# PROBLEM STATEMENT
Reproduce the listing below exactly. Pictures do not belong in the copy.

===== DATASET SECTION

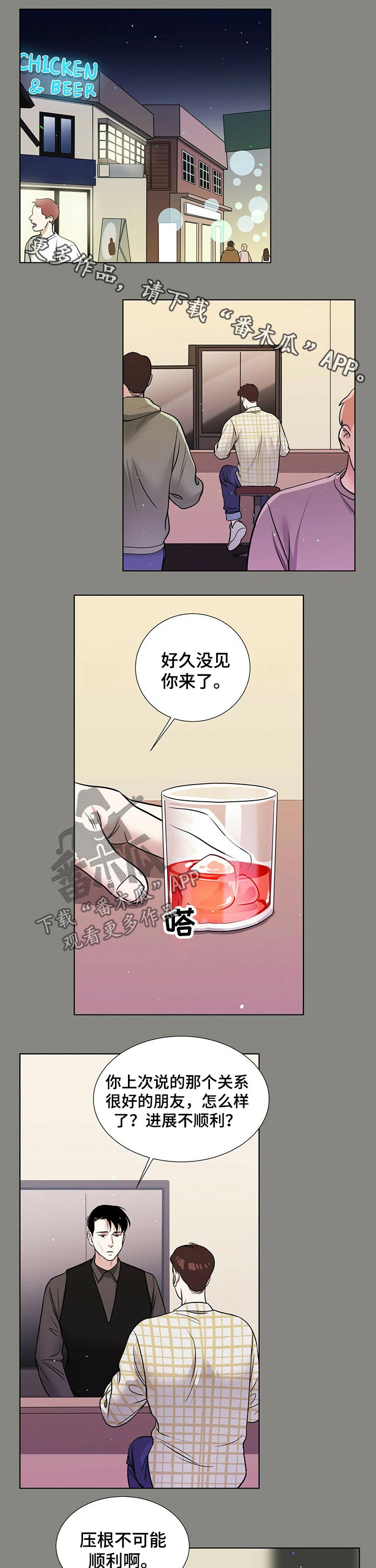 第69话0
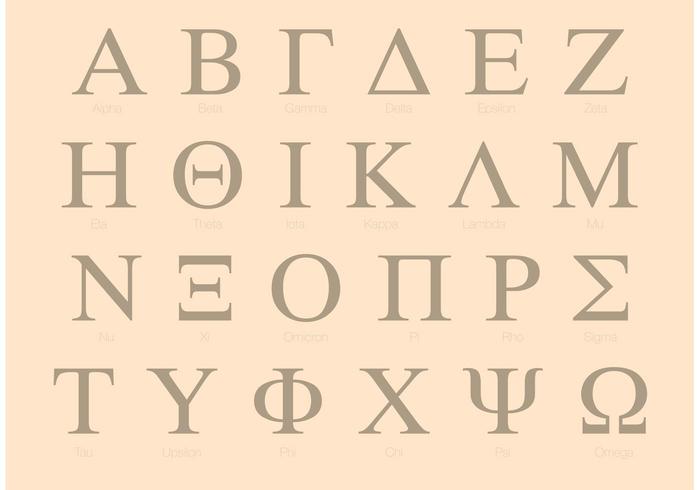 Serif Greek Alphabet Set vector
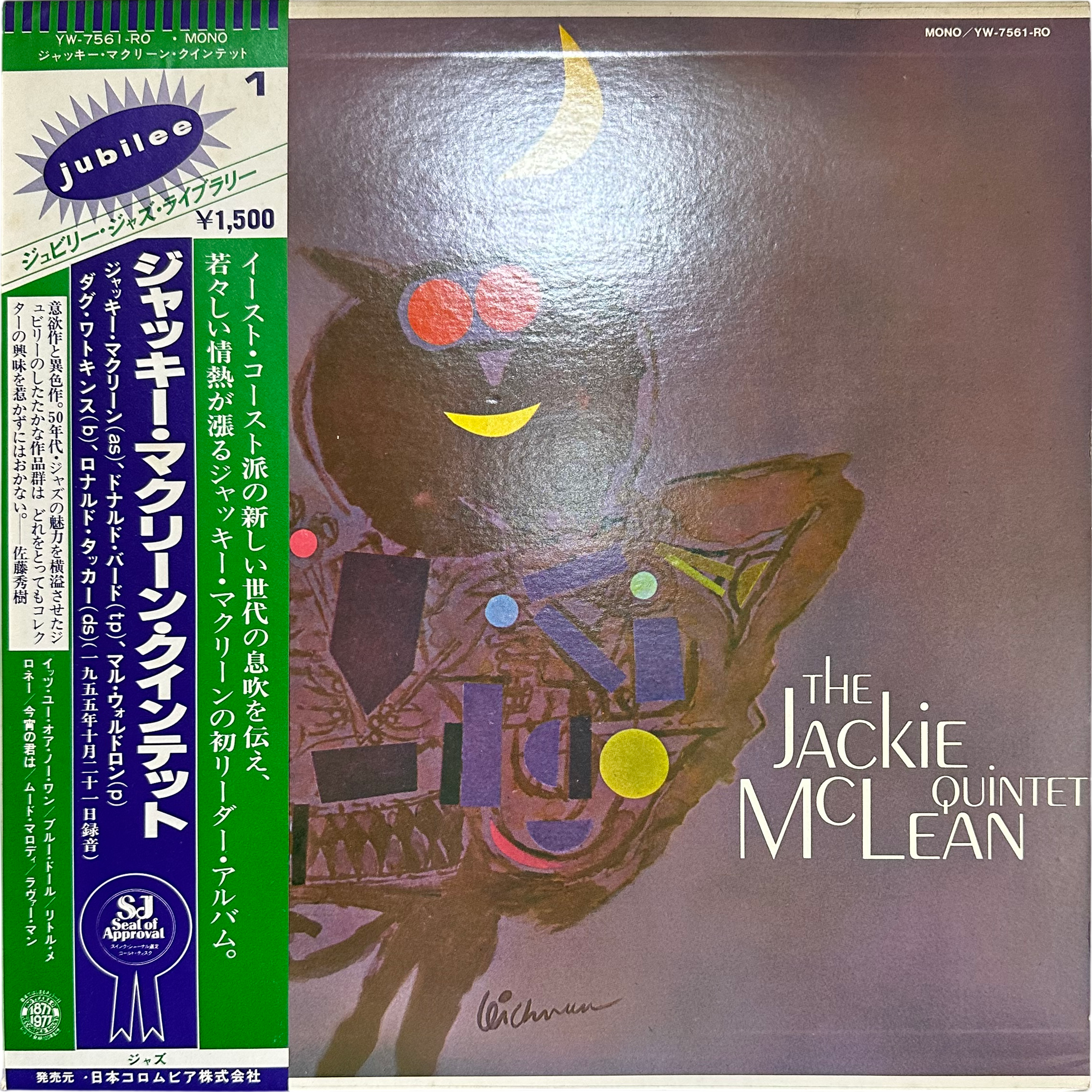 Jackie McLean Quintet — The Jackie McLean Quintet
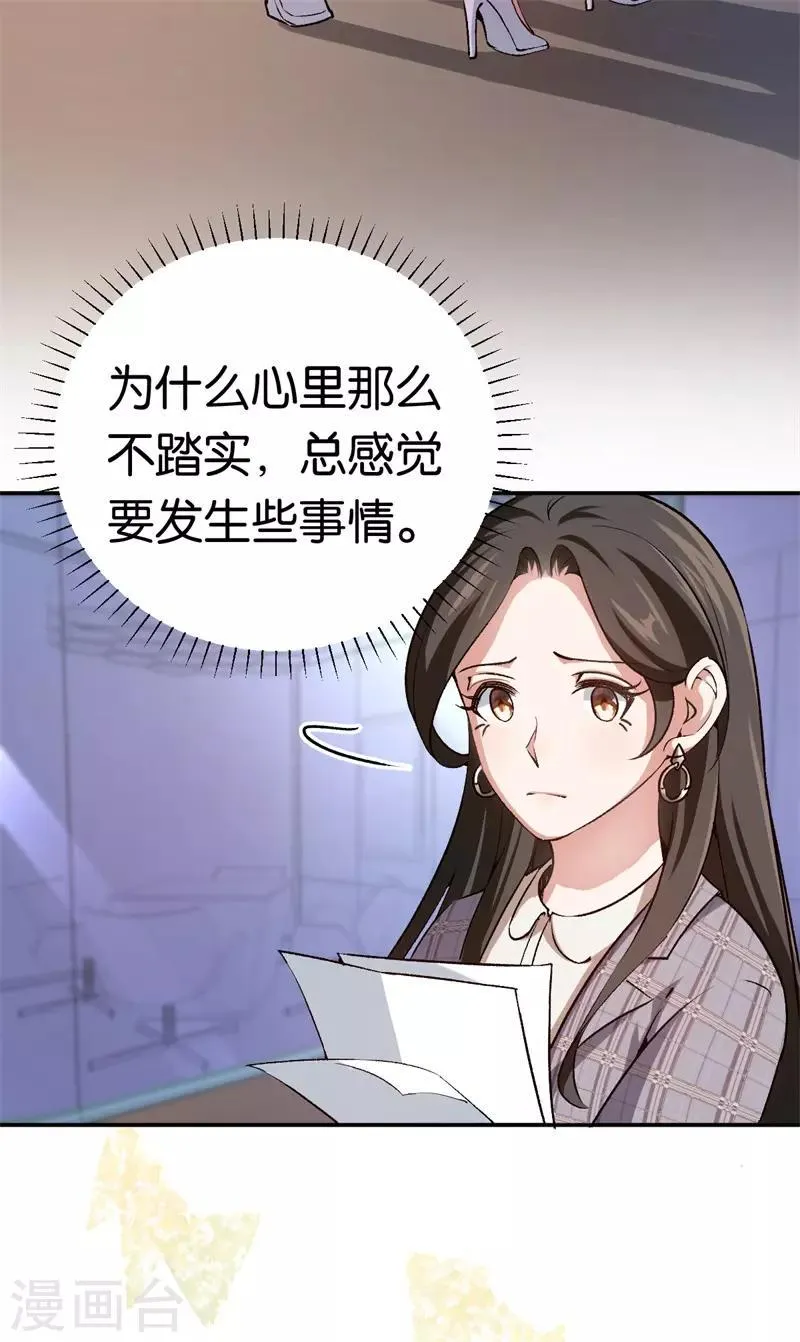 第71话 我们老爷有请 第8页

==========

# OUTPUT OF THE EXERCISE
 第69话0
 Serif Greek Alphabet Set vector
 Jackie McLean Quintet — The Jackie McLean Quintet
 第71话 我们老爷有请 第8页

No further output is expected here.